# [Data]
---+---

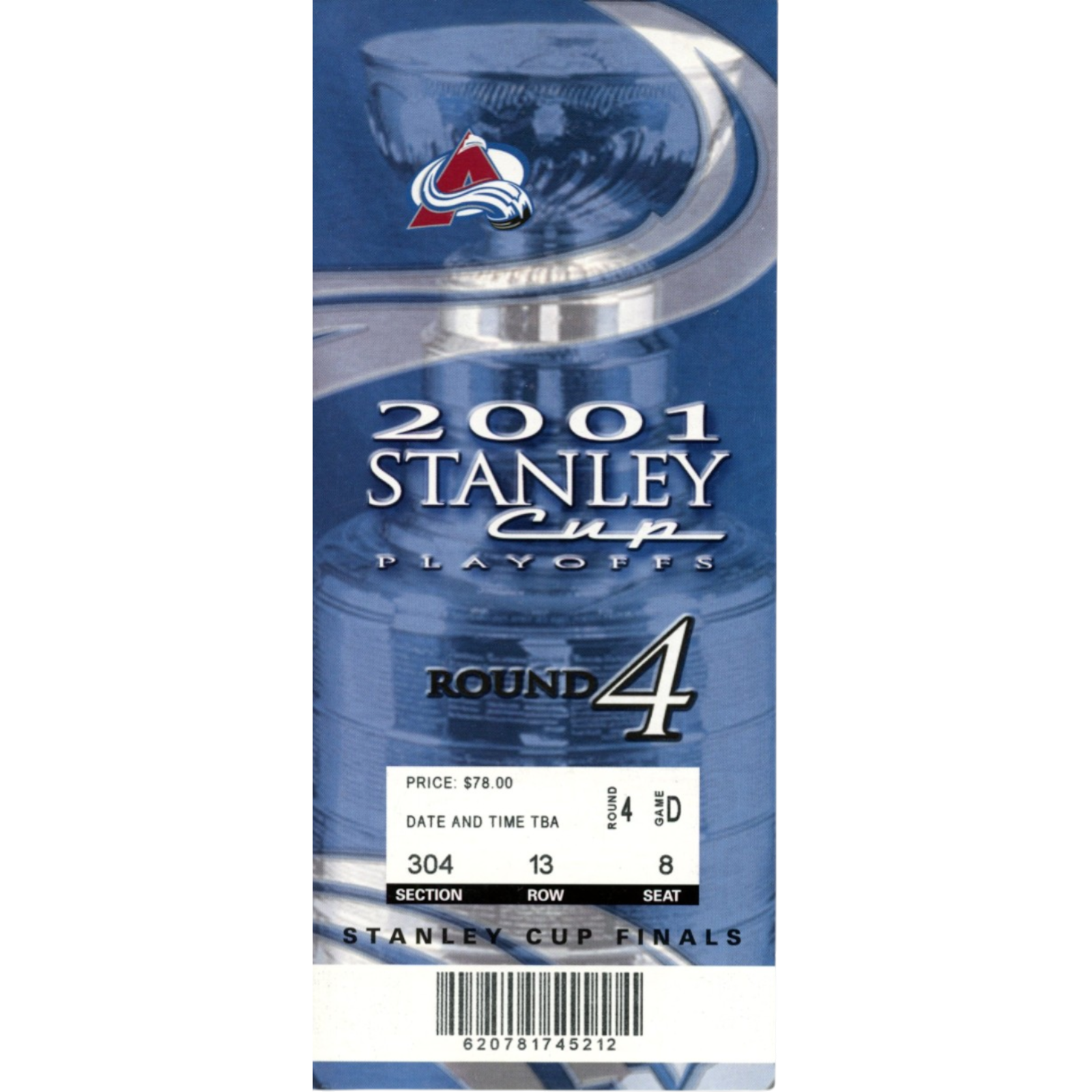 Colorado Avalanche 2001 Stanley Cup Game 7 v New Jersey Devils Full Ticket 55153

---+---

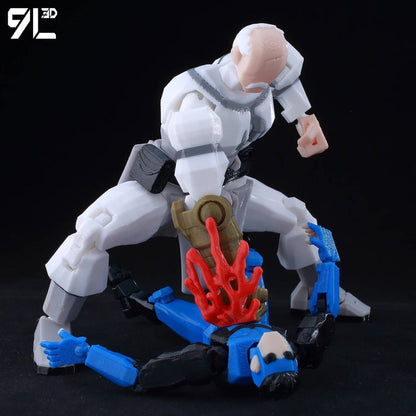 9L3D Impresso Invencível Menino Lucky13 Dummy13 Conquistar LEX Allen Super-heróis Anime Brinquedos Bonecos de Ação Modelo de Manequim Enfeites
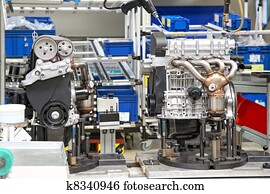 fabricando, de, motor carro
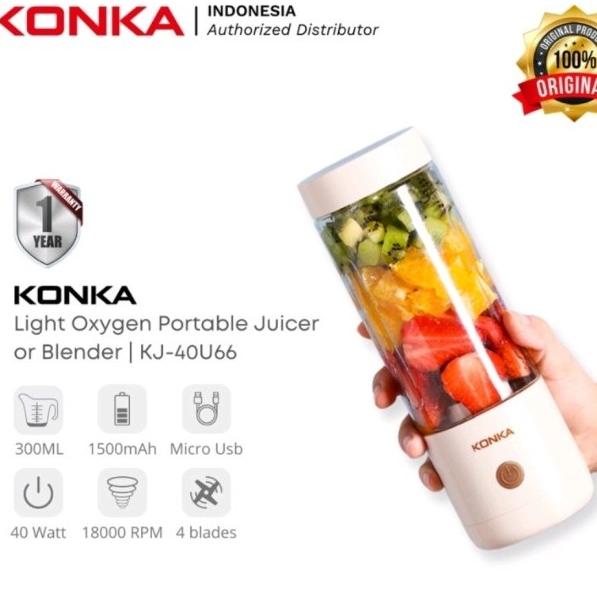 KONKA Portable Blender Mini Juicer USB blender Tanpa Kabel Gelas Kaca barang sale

---+---

# [Task]
Within the listing above, find the line containing "fabricando, de, motor carro" and the line containing "KONKA Portable Blender". Transcribe them and everything between them exactly, leaving out the pictures.

# [Finished exercise]
 fabricando, de, motor carro
 KONKA Portable Blender Mini Juicer USB blender Tanpa Kabel Gelas Kaca barang sale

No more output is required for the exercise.